Exercise data =>
• • •

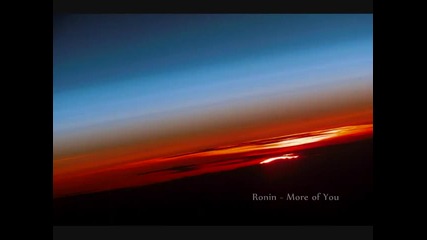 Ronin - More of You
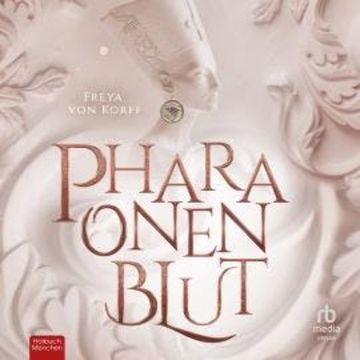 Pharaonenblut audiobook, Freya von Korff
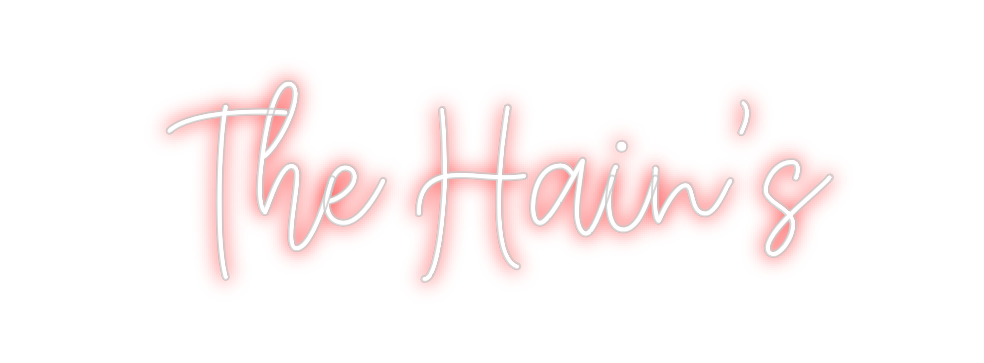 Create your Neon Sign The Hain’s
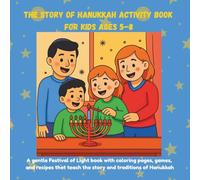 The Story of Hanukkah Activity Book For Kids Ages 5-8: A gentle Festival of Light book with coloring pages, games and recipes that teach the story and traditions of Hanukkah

• • •

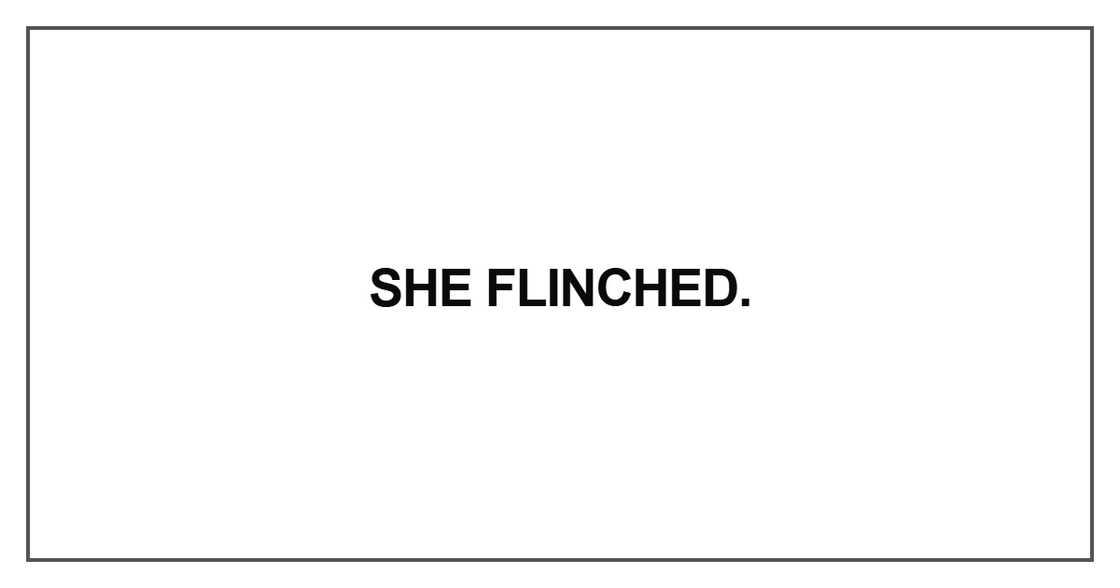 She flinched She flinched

• • •

Assignment => Using the records above, return verbatim only the part that opens with the line containing "Ronin - More of You" and closes with the line containing "The Story of"; pictures stay out.

Result of the task =>
 Ronin - More of You
 Pharaonenblut audiobook, Freya von Korff
 Create your Neon Sign The Hain’s
 The Story of Hanukkah Activity Book For Kids Ages 5-8: A gentle Festival of Light book with coloring pages, games and recipes that teach the story and traditions of Hanukkah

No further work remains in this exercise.